I went into Parasite knowing nothing about it, I’d seen trailers, but these give little away in terms of the films content, as any good trailer should, it entices you to watch without giving away crucial plot points, a fine line I’ve always tried to tightrope-walk on, and I cannot recommend going into Parasite ‘blind’ enough.

The experience of watching this film was like an epiphany. Every aspect is constructed perfectly, it is presented expertly, it’s direction and cinematography is a work of sheer genius, taking what could be regular concepts and settings and coating them with a bizarre atmosphere, giving the audience an anxiety that something terrible is going to happen, we just don’t know what, how or when.

It’s a film that is almost impossible to label, it’s utter disregard for genre boundaries shining brightly, it juggles comedy, drama, even a little bit of horror to craft a narrative that will have you guessing what is around each and every corner, with the edge of your seat firmly carving itself into your backside.

It’s a narrative constructed from characters and situations, establishing a firm divide between the two sets of characters, one from a wealthy background, one from a life of poverty, yet intelligently intertwining their lives and stories, laying foundations of inner conflict and class conflicts, it’s a razor-sharp commentary on class divide, that you won’t even recognise it as a commentary until afterwards.

It firmly puts itself in another league of film narrative with its mid-film twist, one that forces you to reevaluate each characters motivations, and go back through the films events up to that point, and from their it spirals downwards into a jaw-dropping, gasp-inducing finale which will take your breath away and leaving you wondering how the film evolved from its first scene to its last.

Despite the language differences, and having to watch with subtitles, the script is at-times hilarious and equally tense in the later scenes, it’s a masterful balancing act of multiple genres and styles, that seamlessly grows and evolves over its two-hour-plus run-time, without ever missing a step, the change from comedy-drama to tense thriller is never a lurching one, its a change so subtle that it’s barely noticeable.

The acting is also top-notch, taking complex characters and giving them several layers of characterisation, mixing likeable components with a manipulative side, developing and only getting more nefarious as the film goes on, but we never lose affection for them because of the actors responsible for the portrayals, their changes in character mirroring the films own evolution.

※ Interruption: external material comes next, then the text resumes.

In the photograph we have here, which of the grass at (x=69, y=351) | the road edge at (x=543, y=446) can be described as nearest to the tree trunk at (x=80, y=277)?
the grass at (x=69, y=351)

The cinematography is staggering, its inventive use of framing, showing the difference between both families through the visual use of camera-framing; also the use of different colour-grading in different settings, the dull and grey surroundings of the half-basement the Kim’s live in, to the blindingly-white, crystal clear surroundings of the Parks house, it uses the medium of storytelling to the best of its potential, showing stories in the ways only film can, it’s these things you don’t realise, but really make all the difference in presentation.

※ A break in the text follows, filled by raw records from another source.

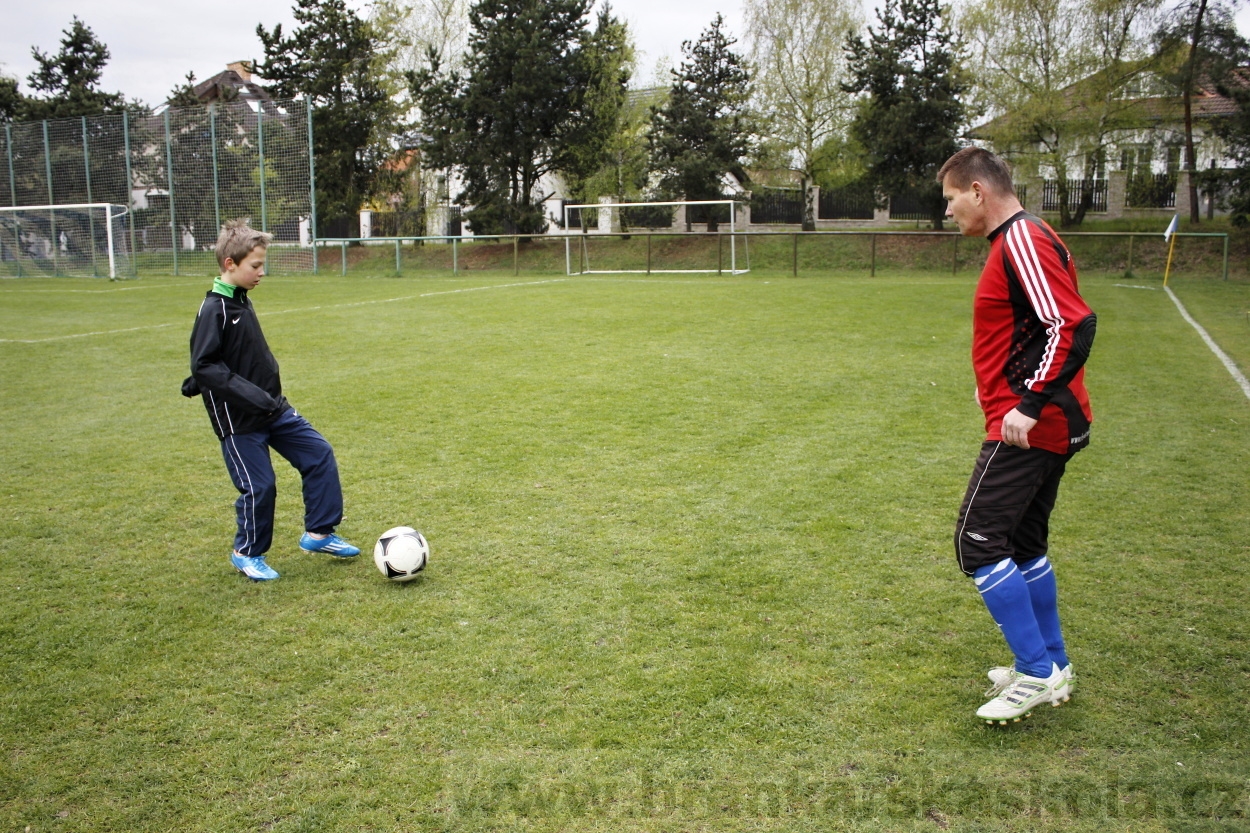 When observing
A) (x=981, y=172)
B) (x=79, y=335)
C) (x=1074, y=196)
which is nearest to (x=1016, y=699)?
(x=981, y=172)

Clearly the result of a master director on top of his game, Parasite might just be the start of a new wave of films from Korea and other Asian countries, as the start of a movement perhaps; but even if it doesn’t, on its own, it is a near-perfect film, that stands on its own regardless of the legacy it might once leave, it deserves every word of praise it has earned in the past year.

It is not often I throw around terms like ‘near-perfect’ so you have to imagine how good this film must be for me to use such superlatives, it is not every day a film like this comes along, maybe once-in-a-generation. Not a single part of it fails, everything is expertly crafted and executed, and its overall quality and effect it had on me almost reduced me to tears, it’s not every day a film affects me in that way, and I very much doubt we’ll see the likes of Parasite ever again, it will take a monstrous effort to unseat this film as the best of the year, even at this early stage, and it may even be in the conversation for all-time greats.